Все эти шесть десятилетий я был не только газетчиком, но и написал двадцать книг, которые разошлись тиражом более семи миллионов экземпляров.
Причисляю себя к поколению шестидесятников. Слова Евгения Евтушенко: «Поэт в России – больше чем поэт» – мы экстраполировали применительно к нашей профессии журналистов-международников. Дело своей жизни мы считали не ремеслом, а служением. Видели свою цель в том, чтобы вооружить соотечественников правильной методикой познания зарубежной действительности.

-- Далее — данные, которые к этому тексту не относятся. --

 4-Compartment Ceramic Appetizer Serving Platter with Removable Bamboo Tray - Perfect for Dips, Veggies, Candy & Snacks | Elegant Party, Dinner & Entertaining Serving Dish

Суть ее состоит в следующем: нельзя мерить других на свой аршин. В каждой стране свои моральные нормы, своя система ценностей, свои стереотипы поведения. Эта «грамматика жизни» и есть ключ к пониманию души зарубежного народа. Воплощением моего творческого кредо и стала книга «Ветка сакуры», которая была опубликована в журнале «Новый мир» в 1970 году.
Детство, блокада
Свой рассказ о том, как я стал журналистом, хочу начать с самого детства. Мой отец, Владимир Федорович Овчинников, был архитектором по профессии и поэтом по призванию. Он не только построил крупные рыбоконсервные комбинаты в Астрахани и Мурманске, возвел в Ленинграде несколько заметных зданий, но и устраивал в Доме архитектора свои поэтические вечера, ставил там свои пьесы. Однако в Союз писателей вступать не стал. Сознавая, что его стихи, по советским меркам, были недостаточно злободневны. Школьная подруга мамы и моя крестная – Софья Петровна Преображенская – была известной оперной певицей. Так что я с малолетства часто бывал в Мариинском театре и большинство детских сказок впервые воспринял в музыкально-сценическом исполнении.

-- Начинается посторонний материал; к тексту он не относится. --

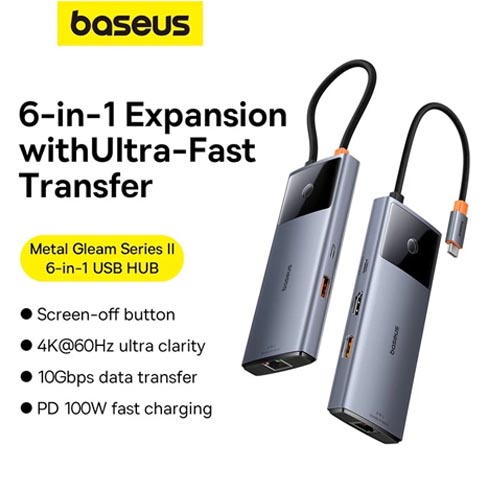 Baseus BS-OH099 Metal Gleam Series II 6-in-1 USB HUB - Image 16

Мне было три года, когда тетя Соня воспользовалась тем, что мои родители уехали в Кисловодск, за руку отвела меня креститься в расположенный рядом с Мариинкой Никольский собор. С этим же храмом связан и другой эпизод моей жизни. В детстве я стал страстным собирателем марок. Мелочь, которую мне давали на школьные завтраки, я тратил в филателистическом магазине на Невском. Но денег не хватало. И в пасхальные дни я встал на соборной паперти. Фигура прилично одетого мальчика с шапкой в дрожащих руках потрясла прихожан. Как никак, шел 1937 год! Мне подавали буквально все. Но вскоре партнерши бабушки по преферансу опознали и пристыдили меня.

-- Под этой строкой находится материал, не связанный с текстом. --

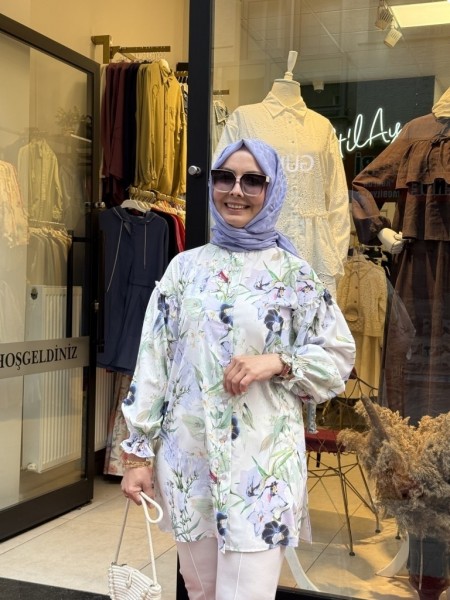 BEGONVİL DESENLİ GÖMLEK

Мы жили на углу Фонтанки и Измайловского в отдельной квартире, что тогда было большой редкостью. Но я дружил во дворе с мальчишками из коммуналок. Носил им из отцовской библиотеки книги вроде «Острова сокровищ» и «Графа Монте-Кристо».
Война началась через две недели после нашего выпускного вечера в седьмом классе. На фасаде школы появилась надпись: «Эта сторона улицы при артобстреле наиболее опасна». Все это было для нас, подростков, поначалу романтично. Но вот зарево гигантского пожара над Бадаевскими продовольственными складами 9 сентября дало знак, что нам грозит нечто пострашнее бомбежек и обстрелов. Началась блокада, начался массовый голод, от которого особенно пострадали мы, 15-летние мальчишки, в разгар юношеской перестройки организма. Из 24 подростков нашего класса до весны 42-го года дожило лишь семеро…
Блокада Ленинграда была страшна не только голодом. Городские многоэтажные дома превратились в ловушки, поскольку была парализована вся система коммунального хозяйства. Мы жили на шестом этаже, но остановились лифты, перестали работать водопровод и канализация, центральное отопление и электрическое освещение.
Поэтому в конце сентября мы воспользовались тем, что еще не все трамваи перестали ходить, и переехали из трехкомнатной квартиры на Фонтанке в 10-метровую комнату у тетки на Петроградской стороне. Там, во-первых, был не шестой, а второй этаж. А что еще важнее, во дворе была водоразборная колонка и не надо было ходить с ведрами на Неву.
Когда мы коротали вечера при коптилке, грея руки возле остывающей буржуйки, нашей единственной связью с внешним миром был громкоговоритель. И вот вместо привычного стука метронома мы услышали бодрый голос диктора Левитана, который возвестил, что 7 ноября 1941 года на Красной площади в Москве, как всегда, состоялся парад, а в своей речи накануне Сталин произнес фразу: «Будет и на нашей улице праздник!»